Zunächst entbiete ich in Widerspiegelung der endlosen Treue und der flammenden Ehrerbietung der Genossen Delegierten, aller Parteimitglieder des ganzen Landes, der Offiziere und Soldaten der Volksarmee und des gesamten Volkes den großen Genossen Kim Il Sung und Kim Jong Il, dem Gründer und Entwickler der PdAK, dem Symbol der Stärke der stets siegreichen PdAK und den ewigen Führern unserer Partei und unseres Volkes, die erhabenste Hochachtung und den größten Ruhm.

Genossen!

In   der   Berichtsperiode   bahnten   sich   unsere   Partei   und   unser   Volk  unter  der  klugen  Führung  Kim Il Sungs und Kim Jong Ils den heiligen, aber harten Weg, um den Sozialismus zu schützen und das koreanische revolutionäre Werk siegreich voranzubringen.
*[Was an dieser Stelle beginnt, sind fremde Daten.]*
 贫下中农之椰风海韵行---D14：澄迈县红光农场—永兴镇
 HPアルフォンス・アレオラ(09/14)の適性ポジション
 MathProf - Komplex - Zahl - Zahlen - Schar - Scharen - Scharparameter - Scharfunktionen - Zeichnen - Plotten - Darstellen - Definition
In diesem Zeitraum verlor unsere Partei aus ihrer Reihe die Genossen Kim Il, Choe Hyon, O Paek Ryong, O Jin U, Choe Kwang, Rim Chun Chu, Pak Song Chol, Jon Mun Sop, Ri Ul Sol und andere antijapanische revolutionäre Streiter, die unter Führung Kim Il Sungs und Kim Jong Ils den weiten Weg der koreanischen Revolution zurücklegten und dabei sich für das Vaterland und Volk mit ganzer Hingabe einsetzten.

Ferner erlitt unsere Partei den Verlust vieler treuer revolutionärer Genossen, darunter Ho Tam, Yon Hyong Muk, Kim Jung Rin, Ho Jong Suk, Kim Kuk Thae, Kim Yong Sun, Kim Yang Gon, Jon Pyong Ho, Pak Song Bong, Ri Chan Son, Ri Je Gang, Ri Yong Chol, Kang Ryang Uk, Ri Jong Ok, Kim Rak Hui und An Tal Su, die für die Festigung und Weiterentwicklung unserer Partei und den Sieg des sozialistischen Werkes selbstlos kämpften.
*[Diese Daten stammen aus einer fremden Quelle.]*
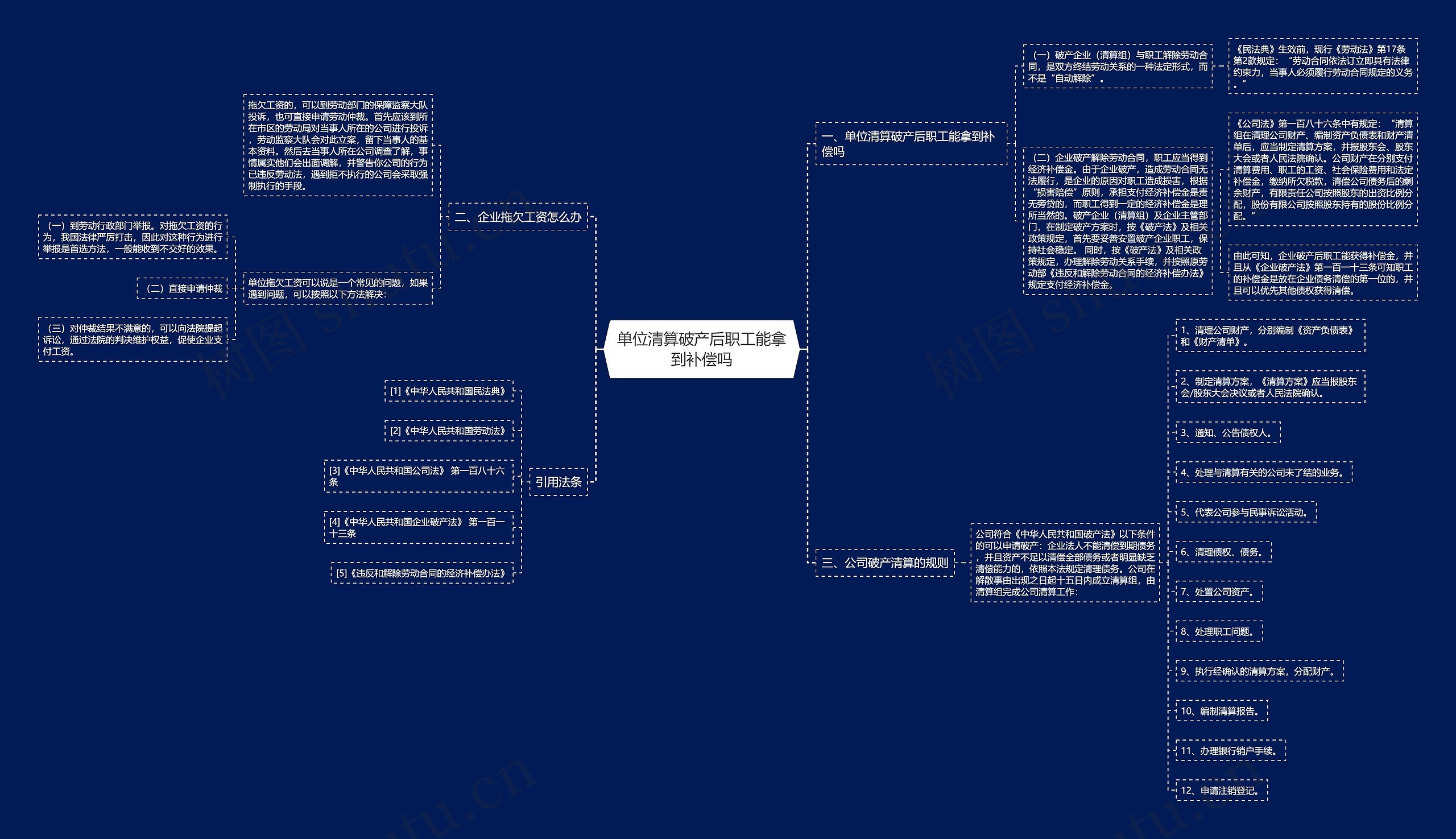 单位清算破产后职工能拿到补偿吗思维导图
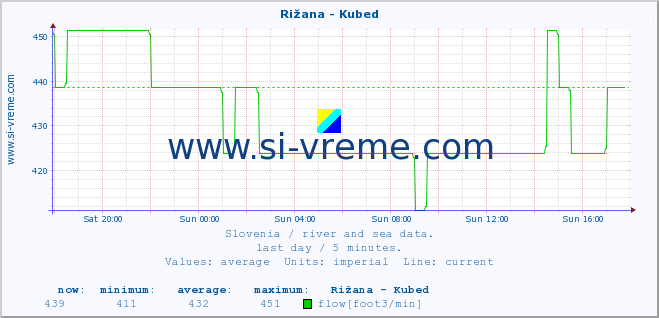  :: Rižana - Kubed :: temperature | flow | height :: last day / 5 minutes.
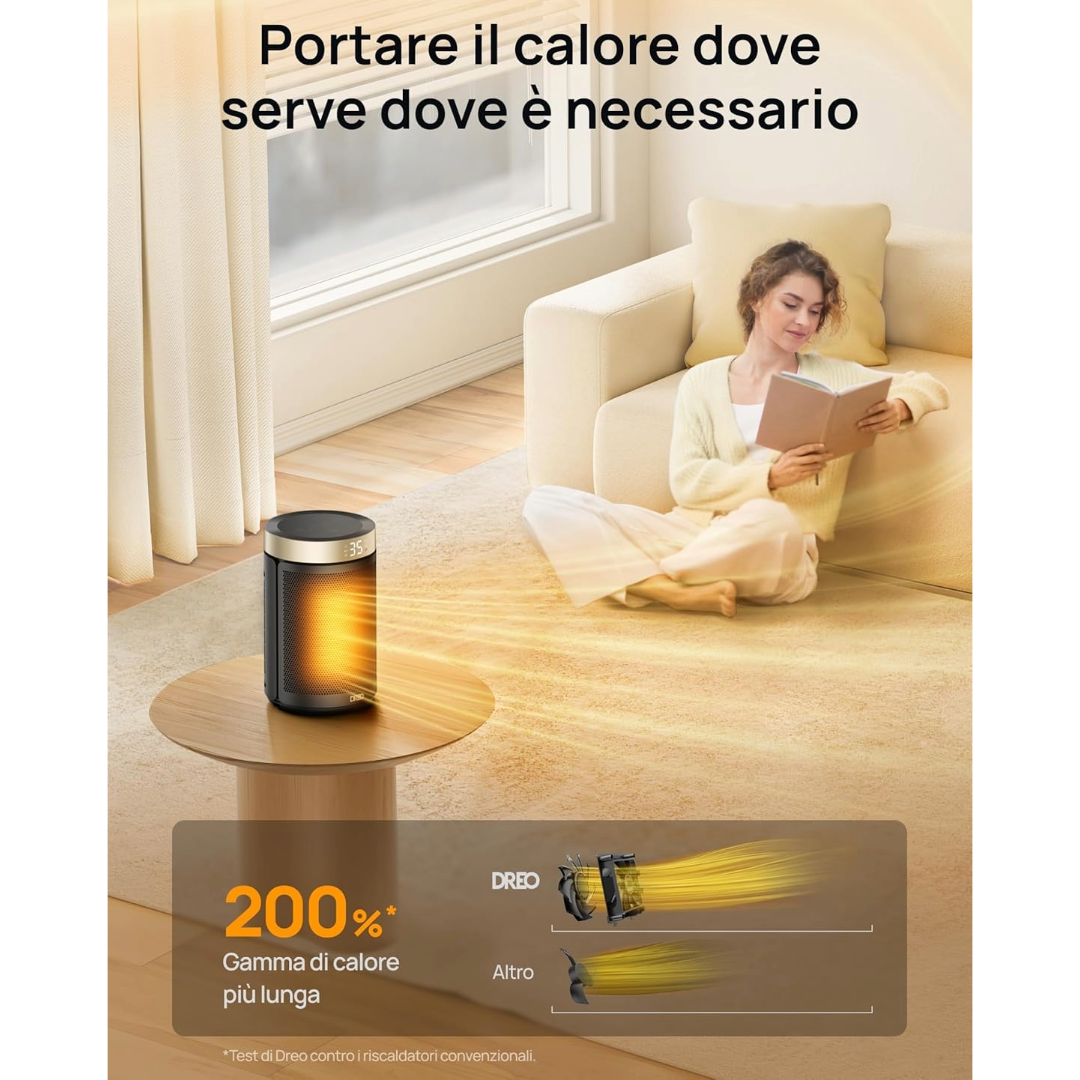 Termoventilatore Ceramico da 1500W Silenzioso 34dB con Termostato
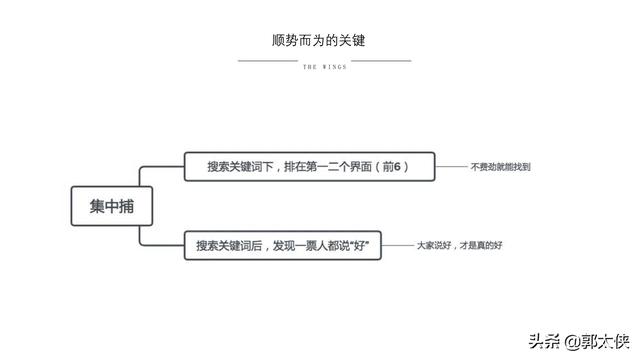 全面指南：撰写高质量调研报告的实用步骤与技巧解析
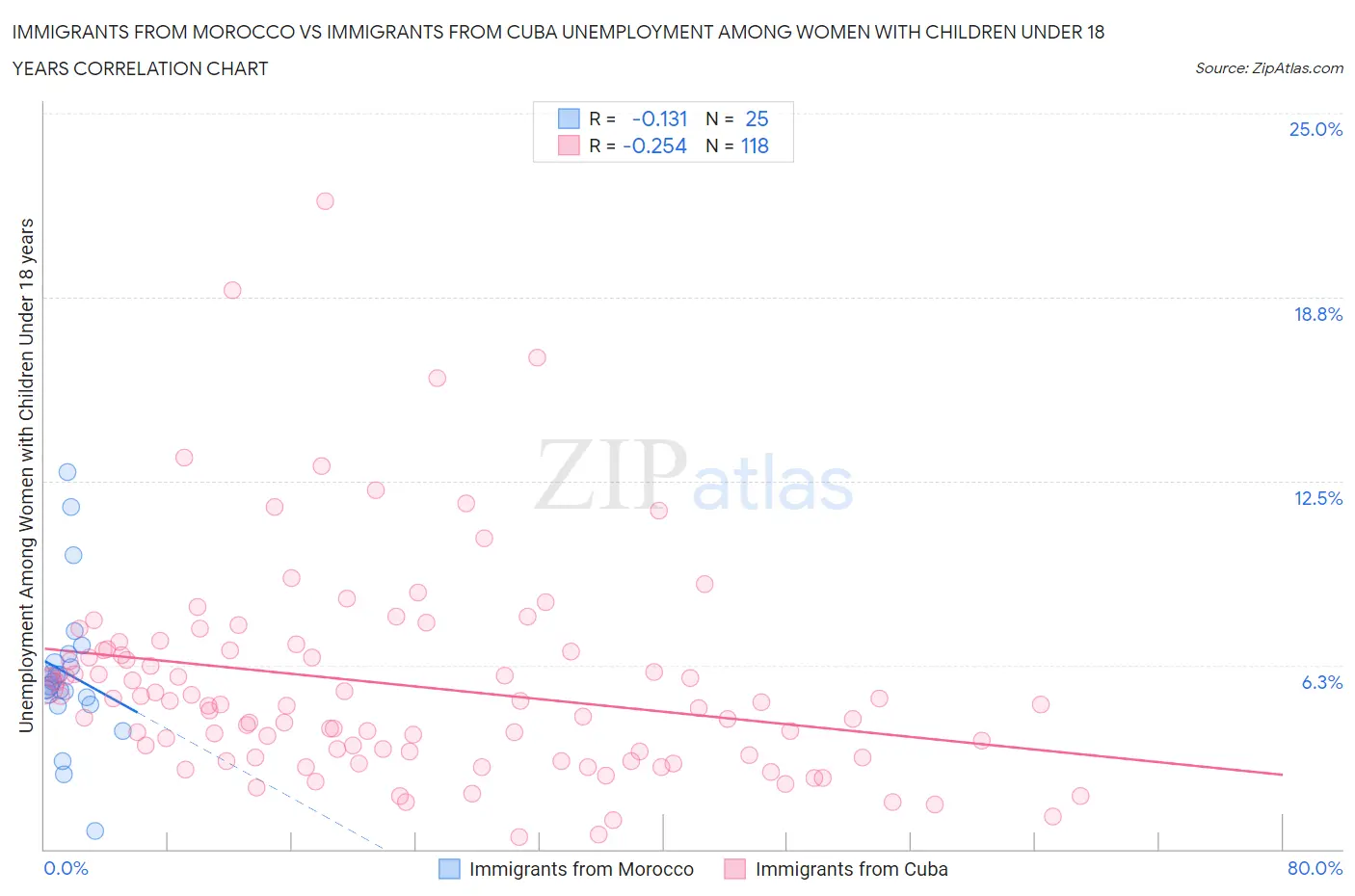 Immigrants from Morocco vs Immigrants from Cuba Unemployment Among Women with Children Under 18 years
Von uns gingen auch teure Waffenbrüder in der Songun-Revolution, darunter die Genossen Jo Myong Rok, Kim Kwang Jin, Kim Tu Nam, Jon Jae Son, Yun Chi Ho, Ri Tong Chun, Kim Ha Kyu, Ri Jin Su und Sim Chang Wan, die sich im Ringen um die Stärkung und Weiterentwicklung der revolutionären Streitkräfte heroische Verdienste erwarben.

Wir verloren Ri Sung Gi, Im Rok Jae, Chon Se Bong, Paek In Jun, Yu Won Jun, Ri Sang Byok, Pak Yong Sun und andere Akademiemitglieder, Professoren, Doktoren, Schriftsteller, Schauspieler des Volkes und Sportler des Volkes, die für die Entwicklung der Wissenschaft, der Kultur und Kunst und des Sports ihre Kraft und Talente einsetzten, wie auch Han Tok Su, Choe Tok Sin, Ri In Mo, Rim Hon Sik, Kim Kwang Thaek und andere unvergessliche revolutionäre Genossen und Patrioten für die Vereinigung.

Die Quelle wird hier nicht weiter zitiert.